Bristol Benjamin Meaker Distinguished Visiting Professor

Richard T.W. ArthurThe Methodology of Natural Philosophy: From Leibniz to Modern Philosophy of Physics

4 September - 13 October 2023

Biography

Richard Arthur is an Emeritus Professor of Philosophy at McMaster University in Ontario. His research interests are in early modern natural philosophy and mathematics, and the foundations of physics, with special attention to the theory of time and the infinite. With a BA in physics from the University of Oxford, and an MA and PhD from McGill University and the University of Western Ontario, he has taught philosophy in Canada, Nigeria, the United States, and Italy, and has also taught applied mathematics in Canada, and has s published scores of articles and seven books on Leibniz, Newton, Descartes and their contemporaries. A particular research interest has been the natural philosophy and mathematics of the polymath Gottfried Leibniz, on whom he has written a general overview of his thought, Leibniz (Polity Press, 2014), Monads Composition and Force (Oxford UP, 2018), and most recently Leibniz on Time, Space, and Relativity (OUP 2021).

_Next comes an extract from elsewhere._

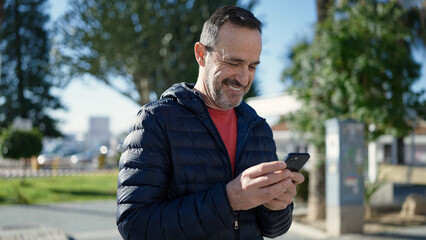Middle age man smiling confident using smartphone at park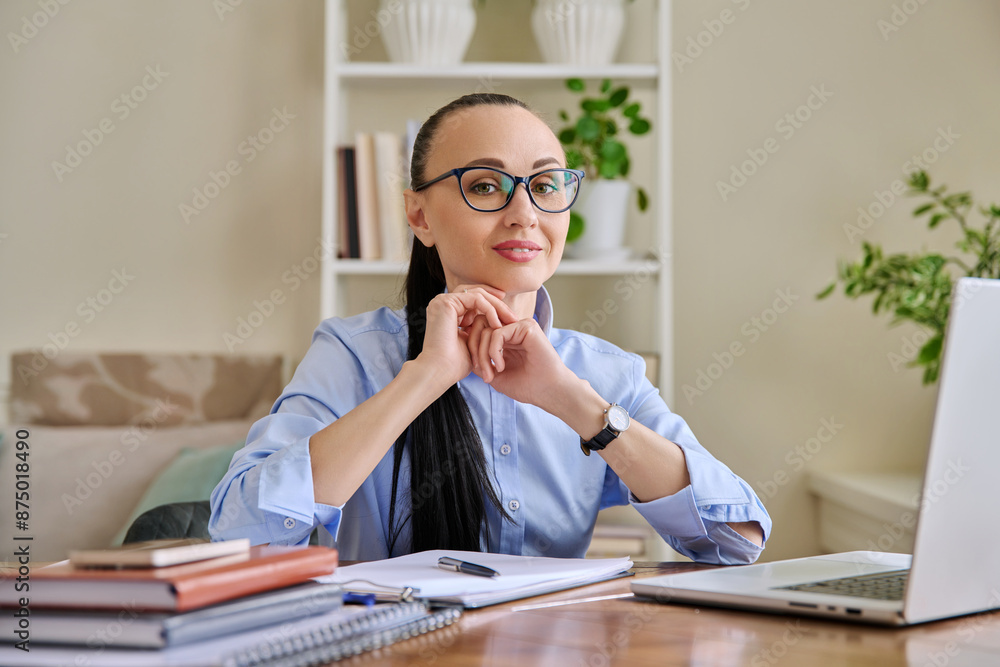 Portrait of business woman sitting at workplace desk with laptop computer Portrait of business woman sitting at workplace desk with laptop computer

He has also written extensively on the philosophy of time, including The Reality of Time Flow (Springer 2019), in which he gives a thorough exposition and evisceration of views denying the reality of becoming, treating arguments given by philosophers and physicists alike from antiquity through to the context of quantum gravity. He is currently in the process of finishing four co-authored books, one a thorough treatment of the foundations Leibniz provided for his calculus (with David Rabouin), another translating from Latin previously unknown writings by him on the infinite (with Osvaldo Ottaviani), the third an edition and translation of a selection of Leibniz’s scientific journal articles, and the fourth a study of the impact of Leibniz’s thought on Bertrand Russell (with Nicholas Griffin).

Research Summary

The overarching research theme of this project is the methodology of natural philosophy as found in the work of Leibniz and in modern philosophy of physics. Gottfried Leibniz was Newton’s contemporary, and main rival. He made monumental contributions to both to what was then called natural philosophy, and what is now broadly speaking understood to be physics, and to metaphysics. These contributions are deeply linked and his methodology with regard to how they are connected is of particular interest. One part of this project will involve research and scholarship relating to Leibniz’s methodology as regards in particular to the relation between his natural philosophy and his metaphysics. Relationalism about time, temporal relationism, has been defended in the context of modern physics by various important contemporary figures, including Carlo Rovelli and Julian Barbour. It is the very idea that time is in some sense nothing more than the succession of changes of things. It is not something else independent of such changes. A further part of this project will involve work on time in classical and quantum theories of gravity towards comprehensive analysis of the different aspects of temporal relationism, with a particular emphasis on the interdisciplinary methodology relevant to the intersection of such metaphysical views of time and modern fully mathematicised physical theories. The third and final part of this project will focus on more general methodological lessons that can be drawn from the comparative study of early modern and modern periods. In particular, how best should we understand the relationships between natural philosophy, metaphysics, and mathematics in the early modern period, and between philosophy of physics, metaphysics, mathematics, and physics, in the modern period.  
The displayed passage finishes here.